![]() |
| (dok. Bolasportek.com) |
(RajaDumay.com) --- Kelompok Islamic State (ISIS/Daesh) di Mosul, Irak telah
melarang toko-toko olahraga menjual pakaian olahraga.
Aktivis lokal pada Sabtu mengatakan, pasukan keamanan ISIS
(polisi hisbah) berpatroli di pasar Mosul Irak sejak tiga hari, menangkap sejumlah
orang, termasuk seorang perempuan karena melanggar pakaian aturan Islam serta menangkap
orang-orang yang mencukur jenggotnya.
Hal ini bertepatan dengan pengepungan yang dilakukan oleh
tentara Irak dan pasukan Peshmerga Kurdi terhadap Mosul.

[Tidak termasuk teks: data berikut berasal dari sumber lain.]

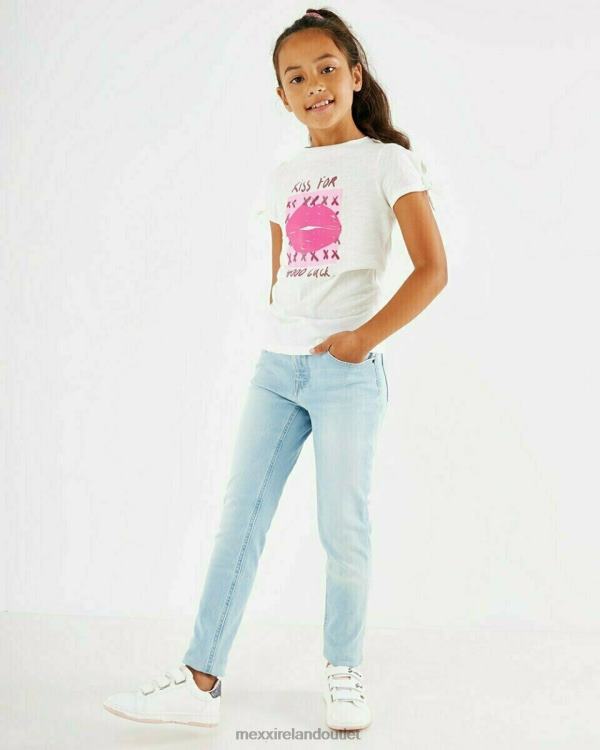 Mexx JUNO Mid waist/Slim leg jeans Sky Blue 0T44H845 Girls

Pasukan pemerintah juga didukung oleh pasukan koalisi
pimpinan Amerika Serikat.
Berbicara kepada ARA News
yang dikutip Mi’raj Islamic News Agency
(MINA), aktivis media di Mosul Abdullah
al-Malla mengatakan, patroli polisi Hisbah ISIS telah menginformasikan kepada pemilik
toko olahraga di pasar Dawasa Mosul tentang pelarangan penjualan pakaian
olahraga.
Malla mengutip perkataan petugas polisi hisbah bahwa menjual
dan memakai pakaian olahraga sebagai "meniru buta budaya kafir Barat".
"Polisi hisbah memerintahkan pemilik toko
olahraga untuk menjual pedang, tombak dan sadel bukannya atribut olahraga,"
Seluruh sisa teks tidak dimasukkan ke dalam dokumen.